On Friday, March 23, people will have the opportunity to see multi-media artwork at the jazzy and colorful Biko House in Isla Vista, where City College art students are planning a showcase event to display their craftsmanship and event-planning skills.
The Biko House will display artwork made by the students in City College’s Portfolio Seminar class (ART 118), who have been preparing for this pop-up showcase for weeks. The event will be held from 10 a.m. to noon with free admission.
The theme of the pop-up is “visceral feelings.”
“Everyone is addressing the theme in their own manners,” said Camila Rodriguez, the event administrator. “Some people are dealing with their frustrations with life and themselves as artists. Others are dealing with fear, the earth and movement.”
Rodriguez, who will be submitting oil and acrylic paintings, was born and raised in Columbia and moved to California to attend City College. Rodriguez said the women, diverse cultures, and bright colors from home continue to inspire her art.
The ART 118 course gives students the opportunity to create, document, and edit their own works of visual art to incorporate them into a professional portfolio. They also learn how to put together a portfolio for transfer and career development.
The point of the class is to not limit the students to any one medium, so the artwork ends up being be all over the spectrum.
“Sculpture, print, 2D paintings and drawings, 3D paintings and drawings, woodworks, plaster works and even more mediums have all been submitted already,” said Alejandro Martinez, the curator of the event. Each student will submit 3-5 pieces.
The students in ART 118 decided on the venue together, and chose the Biko House because the house is a student living home that has been supporting UCSB students and cultural diversity since 1997.
“There is art all over the walls, stacks of comic books around the house, and we thought that to intertwine our pieces with the house and the meaning that already exists with it would be awesome,” Martinez said.

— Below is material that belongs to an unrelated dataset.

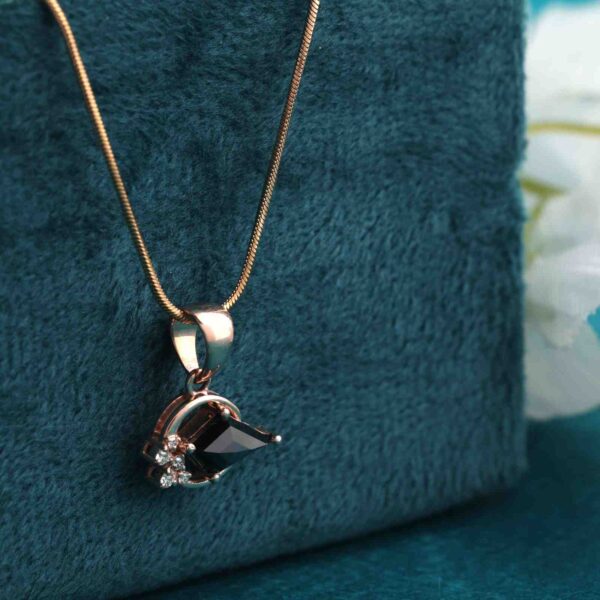 Rose Gold Black Crystal Pendant with Sparkling Accents – Fashion Statement Jewelry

The instructors of the course, Christopher Ulivo and Armando Ramos, purposely designed the showcase assignment so that every element is put together entirely by the students to show them what it takes to organize a pop-up in the real world.
“The assignment is unique and challenging because we get to choose our own venue and theme and each of us have been assigned a particular business role to exercise in order to organize the event,” said Morgan Corbitt, the public relations representative of the event.
A great amount of effort has gone into every aspect of the showcase, but the students in ART 118 emphasized that the event’s intention is to make the viewer really experience the art.
“We want people to interact with the art and feel its colors,” Rodriguez said, “so we chose a theme we thought everyone could relate to.”